Parábola de los trabajadores de la viña.
(Domingo
XXV - TO - Ciclo A – 2017)
“Id
también vosotros a mi viña” (Mt 20, 1-16).
La parábola se entiende mejor cuando a los personajes y elementos naturales que
se encuentran en ellas, se les da valor de analogados y se los reemplazan por
bienes y elementos sobrenaturales.
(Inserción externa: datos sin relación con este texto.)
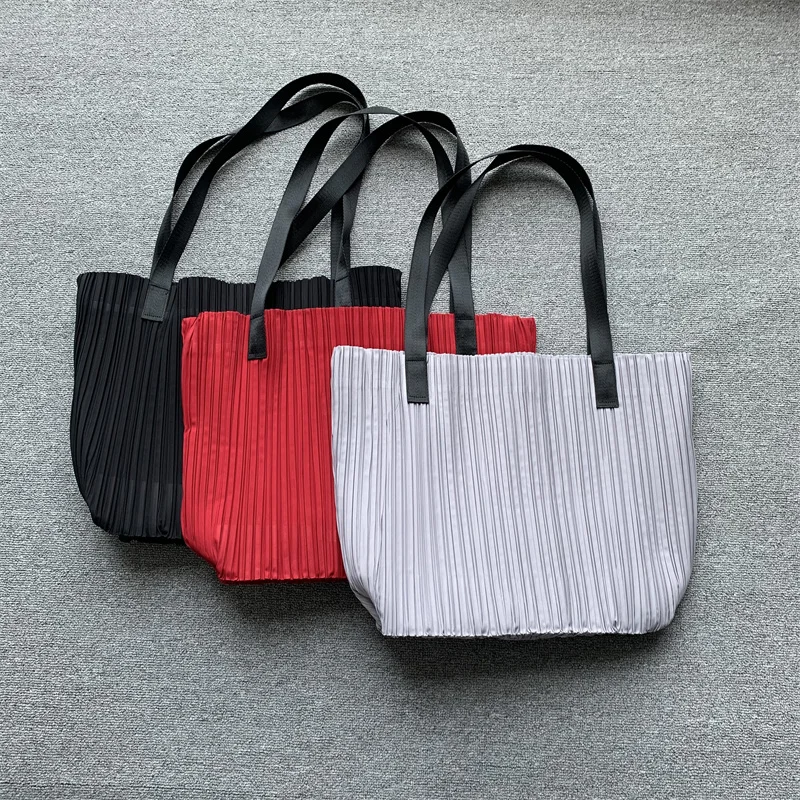 Miyake Plisowana modna torba na ramię Jednokolorowa kwadratowa kopertówka typu crossbody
Así, el dueño de la vid es Dios; la vid es
la Iglesia; los jornaleros son los bautizados que reciben la gracia de la
conversión –estar bautizado no es sinónimo de conversión-; la paga del dueño de
la vid –un denario-, igual para todos, es la bienaventuranza eterna en el Reino
de los cielos; las distintas horas en las que los jornaleros son contratados,
representan las distintas edades de la vida en las que los bautizados, o bien
son llamados a trabajar en la Iglesia por la salvación de las almas, o bien son
llamados ante la Presencia de Dios y reciben la gracia de la conversión
perfecta del corazón, la contrición, que les granjea la entrada en el Reino de
los cielos. Por último, los jornaleros que ya estaban trabajando en la viña y
se enojan porque los otros jornaleros reciben la misma paga que ellos –esto es,
el Reino de los cielos-, representa a los católicos duros de corazón que,
estando en la Iglesia desde hace tiempo, no han progresado sin embargo en la
caridad, y no aceptan, ni a los nuevos conversos, ni a los pecadores que se
convierten a último momento. Si fuera por ellos, el Buen Ladrón, por ejemplo,
que se arrepiente a último momento de su vida terrena, instantes antes de
morir, recibiendo así el premio del Reino de los cielos por Jesús mismo en
Persona, no debería haberse salvado, porque según estos católicos duros de
corazón, ni se merecen el cielo por ser pecadores, ni Dios puede ser tan
misericordioso que no los castigue.
Entonces,
con la parábola de un dueño de una vid, que contrata a obreros a diferentes
horas del día, pagando a todos un mismo salario, Jesús grafica no solo el Reino
de los cielos –que es la paga dada a quienes trabajan en su Iglesia-, sino la
inmensidad de la Misericordia Divina, que se ofrece gratuitamente a todos los
hombres pecadores, de todas las edades –simbolizados en los distintos horarios
en los cuales los jornaleros son contratados-, lo cual significa que “Dios no
hace acepción de personas” (Rom 2,
11; Hch 10, 34), ya que lo que busca
en el hombre es el arrepentimiento sincero, la contrición del corazón y el
deseo de no volver a pecar, sin fijarse en la inmensidad del pecado que estos
hombres puedan haber cometido. Pero en la parábola están representados también otra
clase de hombres: son aquellos católicos que, estando en la Iglesia desde hace
tiempo, se escandalizan y se ofenden porque Dios conceda misericordia a quienes
ellos mismos, en su soberbia, consideran que son indignos de la misma, con lo
cual, así, se ponen en el lugar de Dios mismo, se auto-nombran jueces de Dios y
del prójimo, demostrando la total falta de caridad en sus corazones, caridad
que debería rebosar en ellos, al estar desde hace ya un tiempo considerable en
la Iglesia.
En
esta parábola Jesús habla por lo tanto de dos grupos de personas: de paganos
que se convierten e ingresan en la Iglesia; de bautizados neo-conversos que
comienzan a ir a la Iglesia, o también de católicos que, luego de toda una vida
alejados de Dios, en el último momento reciben la gracia de la conversión final
y se salvan, a pesar de haber sido, incluso, hasta criminales. Al respecto, es
conocido el caso de un homicida sentenciado a muerte –llamado Henri Pranzini- que
poco antes de recibir la pena capital se convirtió por las oraciones de Santa
Teresita del Niño Jesús[1]: ; vale también el ejemplo del Buen Ladrón, que
se convierte antes de morir y así entra en el Paraíso, llevado por el mismo
Jesús en Persona: “Yo te aseguro que hoy estarás conmigo en el Paraíso” (Lc 23, 43).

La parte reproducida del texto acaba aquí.